Source data
---*---

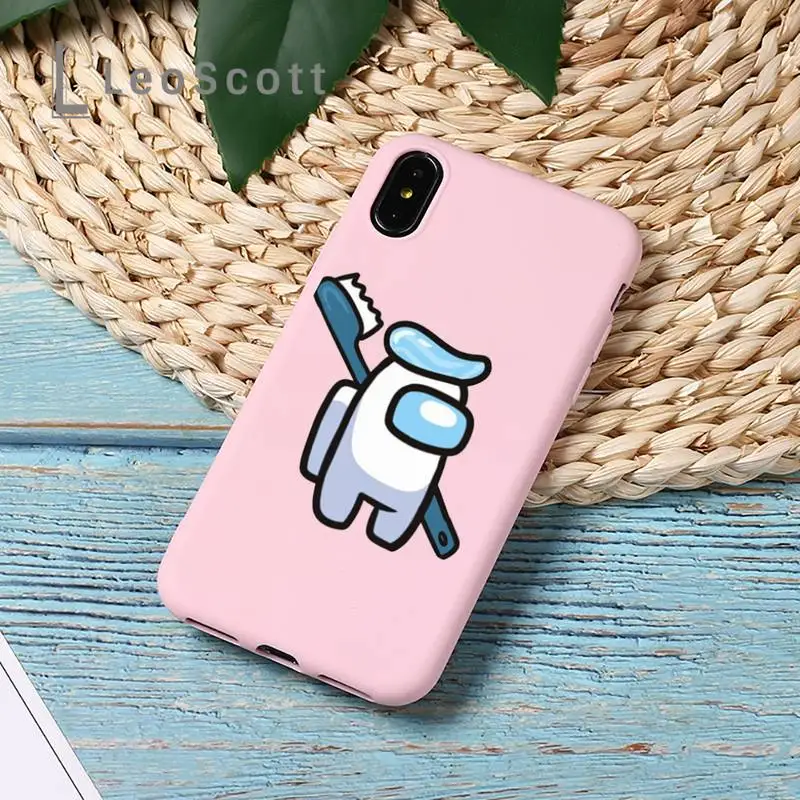 

baby angel painting aesthetic art Phone Case Candy Color for iPhone 11 12 mini pro XS MAX 8 7 6 6S Plus X 5S SE 2020 XR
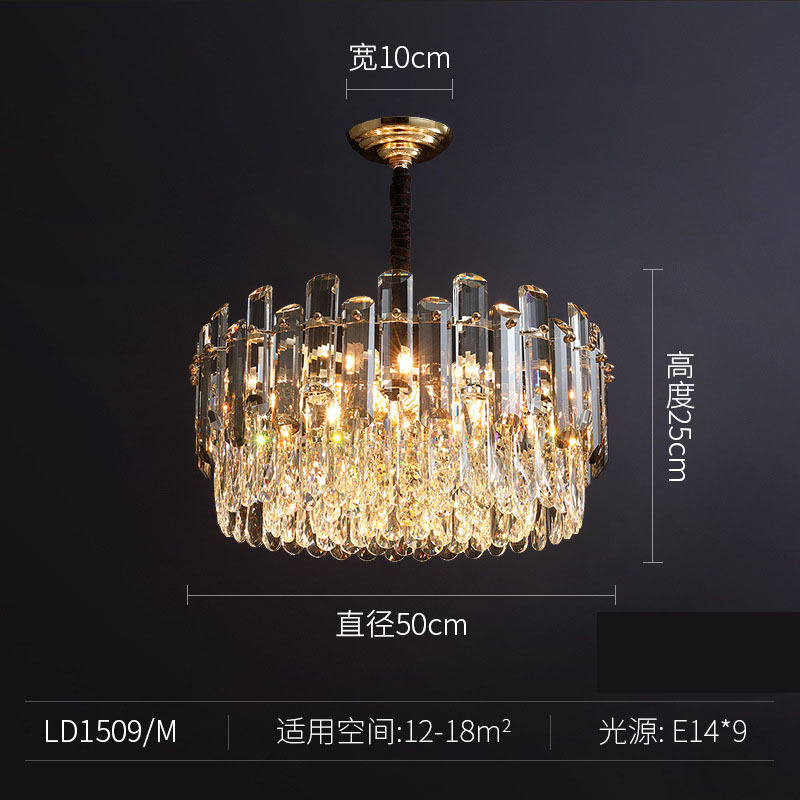 Stair Lighting Crystal Chandeliers Pendant Lights for Hotel Hot Selling Interior Decorative Lustre Led Gold Chandelier Lighting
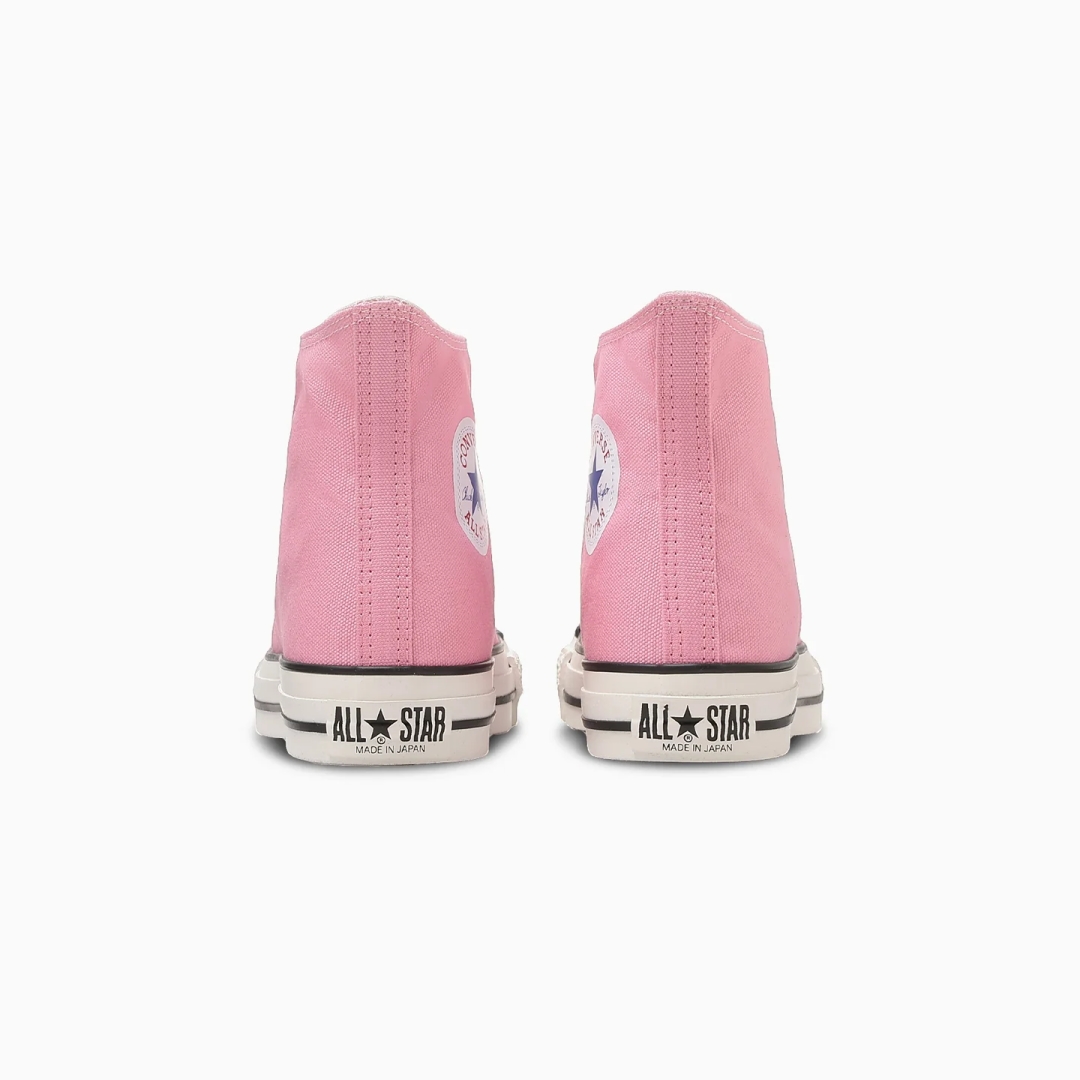 【2026年 5/15 発売】クラシックな”フォンダンピンク”のキャンバスをアッパーに採用 CONVERSE CANVAS ALL STAR J OX/HI “Fondan Pink” (コンバース キャンバス オールスター) [31318300/31318310]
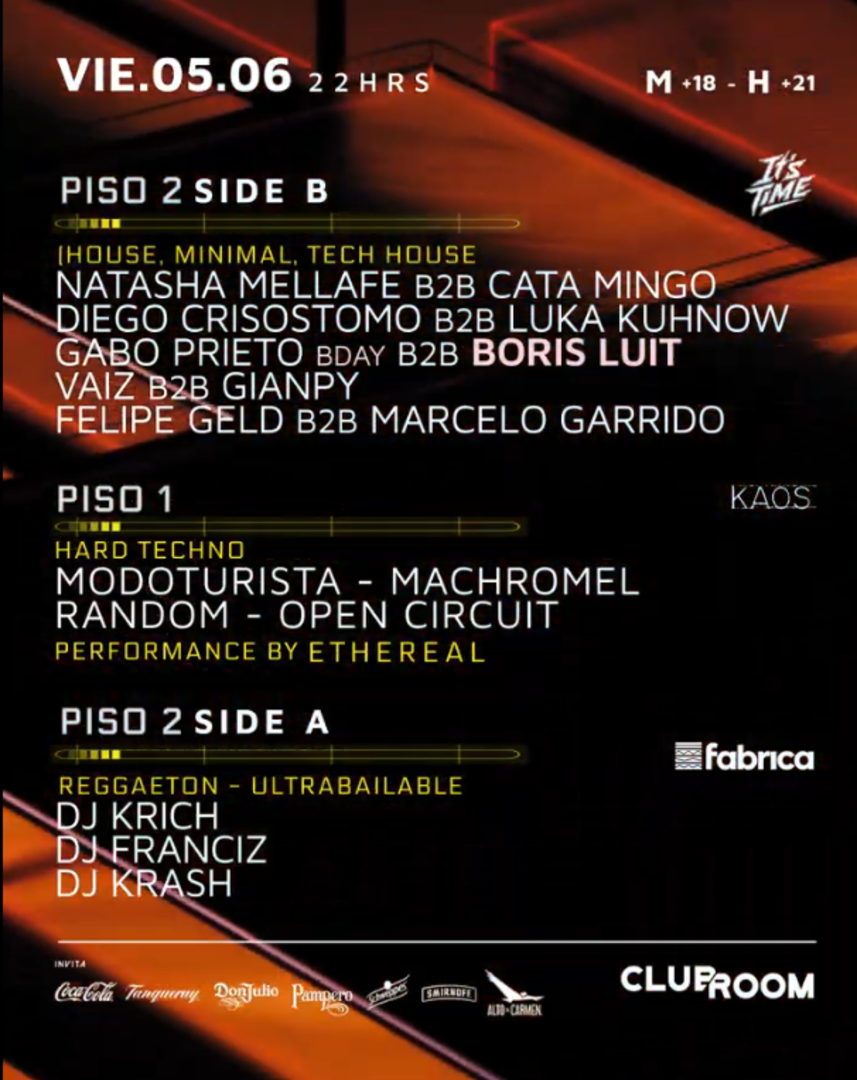 Clubroom Presenta @ Viernes 05 Junio
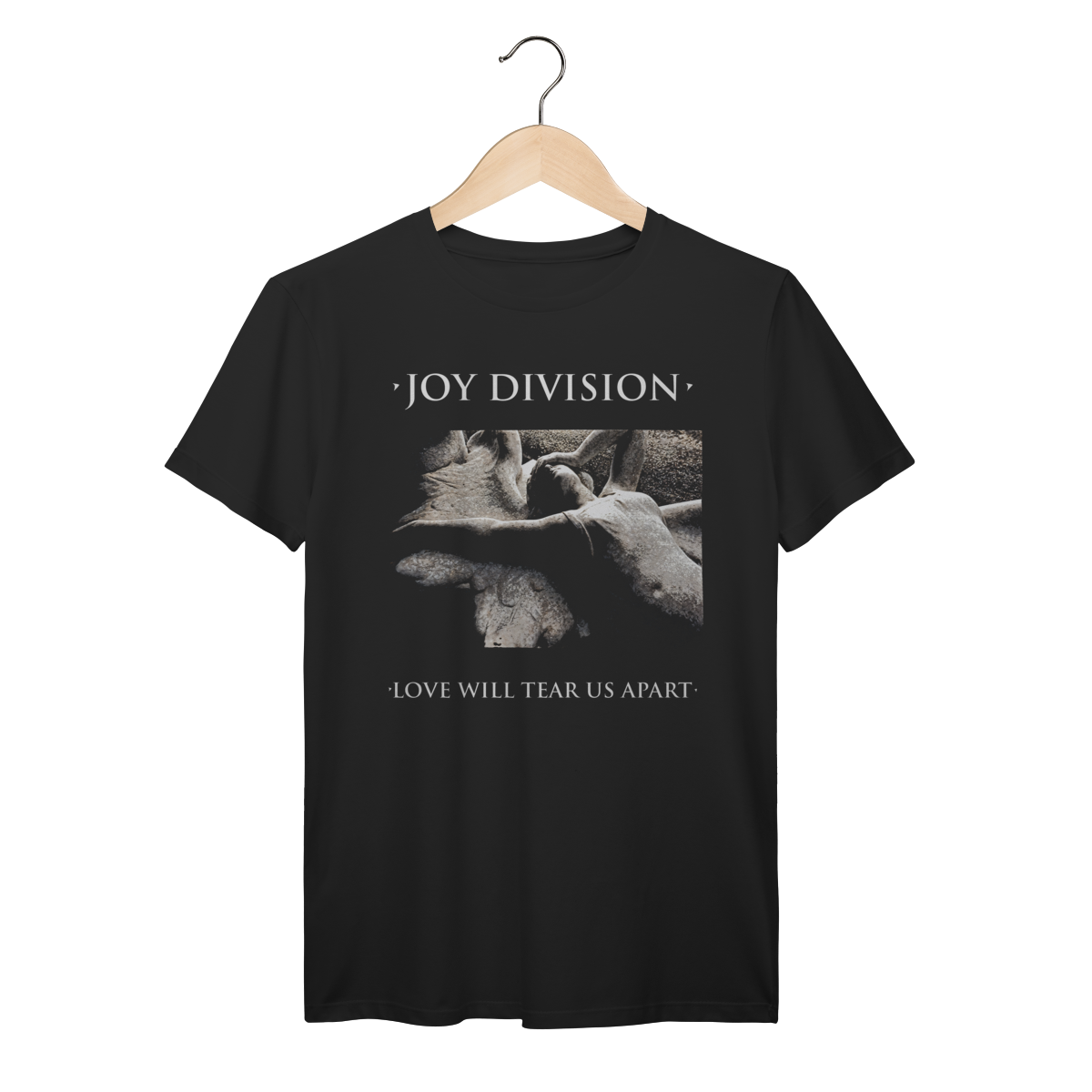 Camiseta Premium Joy Division - Love Will Tear Us Apart - Coleção Post Punk/ Rock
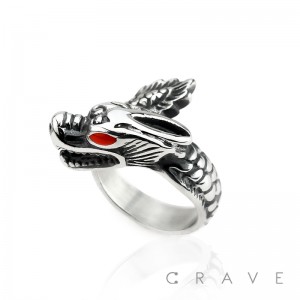 STAINLESS STEEL WRAP AROUND DRAGON RING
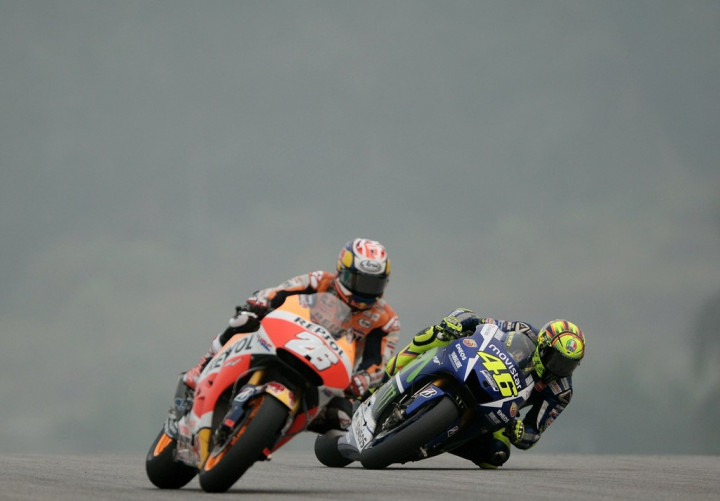 Kabut Asap Bikin Rossi Sulit Memprediksi Cuaca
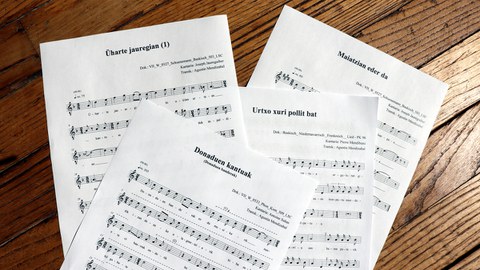 Lehen Mundu gerlako euskal presoen kantuen transkripzio musikala Lehen Mundu gerlako euskal presoen kantuen transkripzio musikala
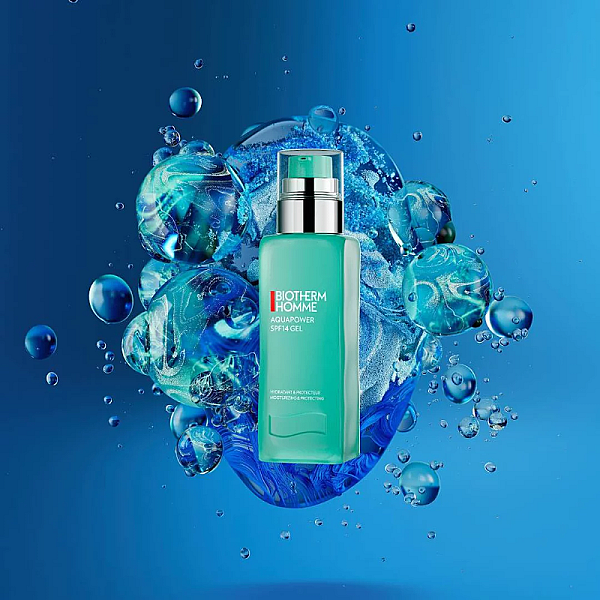 Gel hidratant si protector pentru barbati cu SPF14 Homme Aquapower Gel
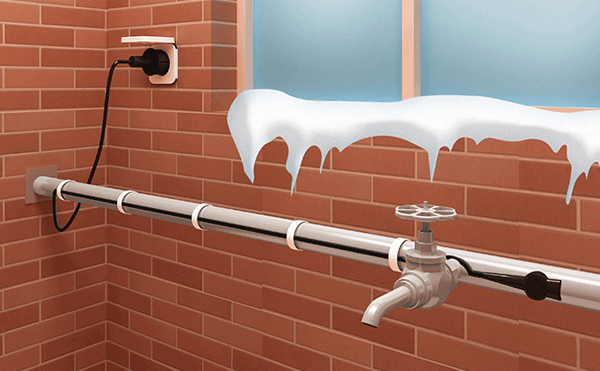 室外管道防冻伴热系统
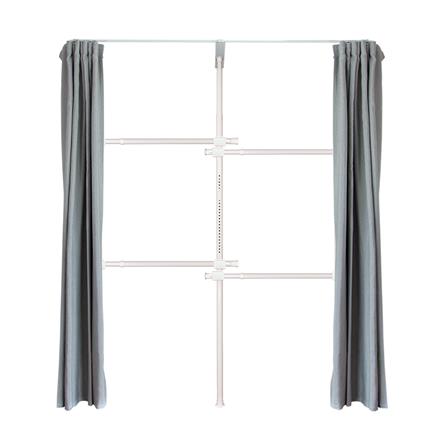 ราวแขวนผ้า 4 ราวแขวน TUGU R33PW-DG สีขาว_0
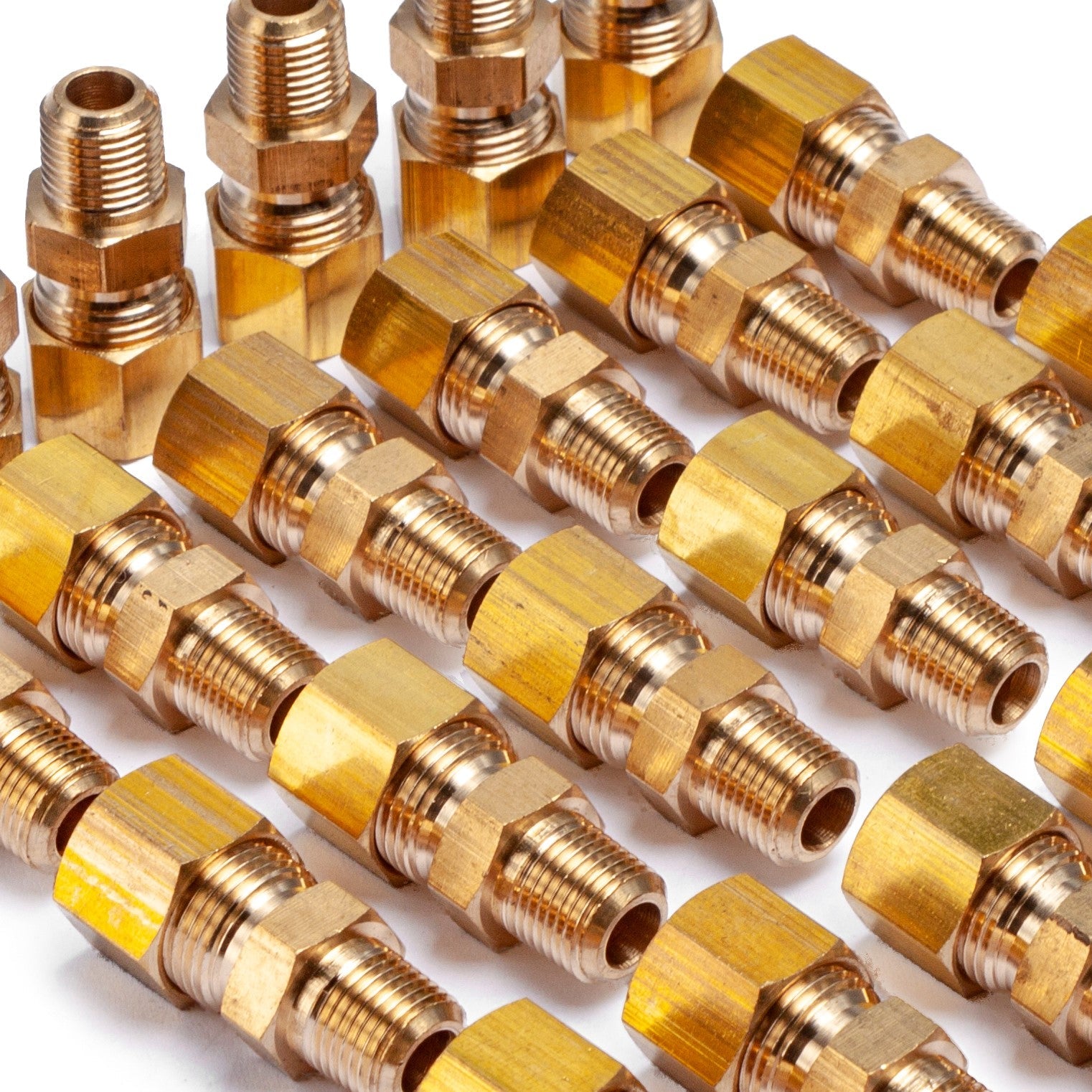 LTWFITTING Brass 5/16-Inch OD x 1/8-Inch Male NPT Compression Connector Fitting(Pack of 300)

---*---

__What to work on__: A faithful copy of every record is required, with no pictures included.

__Problem solution__:
baby angel painting aesthetic art Phone Case Candy Color for iPhone 11 12 mini pro XS MAX 8 7 6 6S Plus X 5S SE 2020 XR
 Stair Lighting Crystal Chandeliers Pendant Lights for Hotel Hot Selling Interior Decorative Lustre Led Gold Chandelier Lighting
 【2026年 5/15 発売】クラシックな”フォンダンピンク”のキャンバスをアッパーに採用 CONVERSE CANVAS ALL STAR J OX/HI “Fondan Pink” (コンバース キャンバス オールスター) [31318300/31318310]
 Clubroom Presenta @ Viernes 05 Junio
 Camiseta Premium Joy Division - Love Will Tear Us Apart - Coleção Post Punk/ Rock
 STAINLESS STEEL WRAP AROUND DRAGON RING
 Kabut Asap Bikin Rossi Sulit Memprediksi Cuaca
 Lehen Mundu gerlako euskal presoen kantuen transkripzio musikala Lehen Mundu gerlako euskal presoen kantuen transkripzio musikala
 Gel hidratant si protector pentru barbati cu SPF14 Homme Aquapower Gel
 室外管道防冻伴热系统
 ราวแขวนผ้า 4 ราวแขวน TUGU R33PW-DG สีขาว_0
 LTWFITTING Brass 5/16-Inch OD x 1/8-Inch Male NPT Compression Connector Fitting(Pack of 300)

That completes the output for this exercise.